**Exercise prompt**
Pictures in the entries below are excluded; copy only the lines from the one containing "Ibanez IC300 main image" to the one containing "1 Korinthierbrevet 12:7 SV1917 Bible Study", both included.

**Record excerpts**
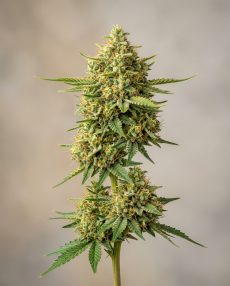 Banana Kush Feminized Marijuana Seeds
---
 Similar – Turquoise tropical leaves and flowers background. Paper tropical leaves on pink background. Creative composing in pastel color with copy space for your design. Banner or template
---
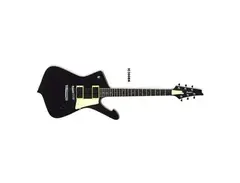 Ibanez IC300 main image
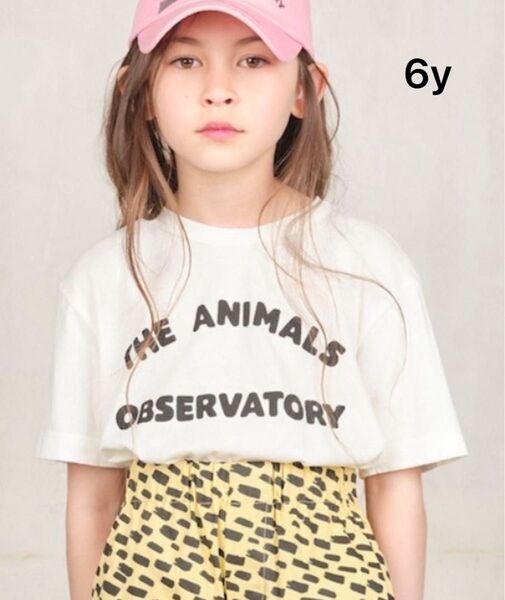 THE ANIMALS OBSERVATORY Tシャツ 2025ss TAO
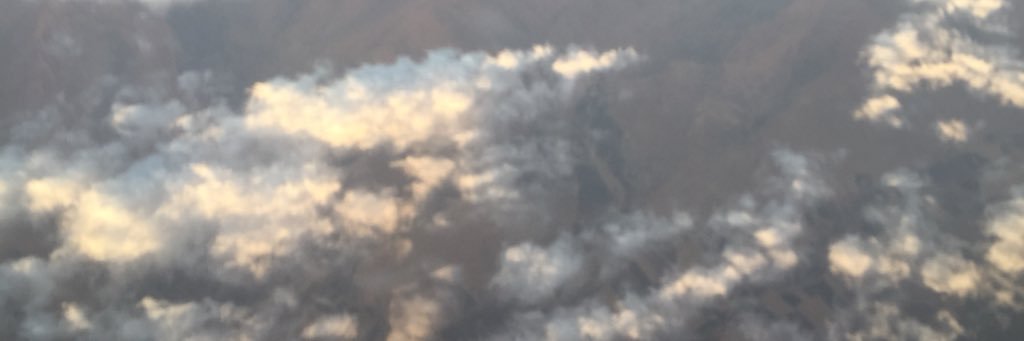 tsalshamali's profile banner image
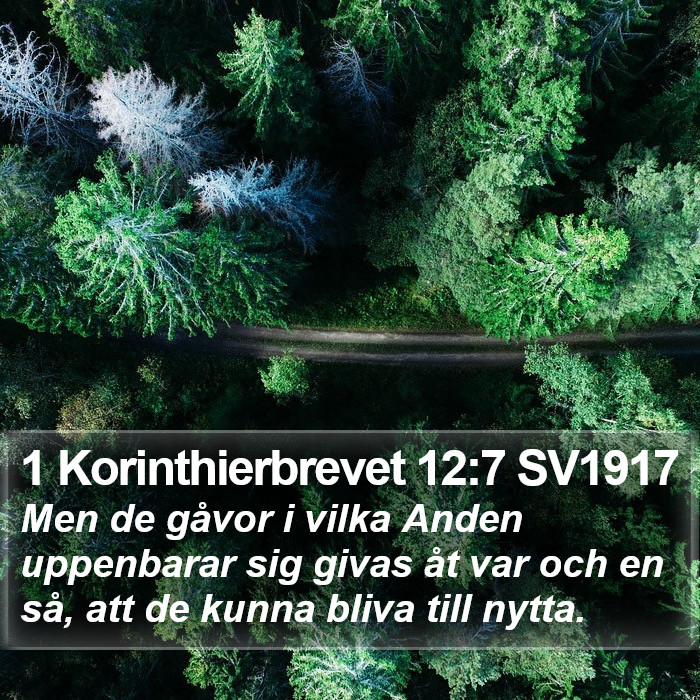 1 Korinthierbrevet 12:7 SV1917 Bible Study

**Solution to the exercise**
 Ibanez IC300 main image
 THE ANIMALS OBSERVATORY Tシャツ 2025ss TAO
 tsalshamali's profile banner image
 1 Korinthierbrevet 12:7 SV1917 Bible Study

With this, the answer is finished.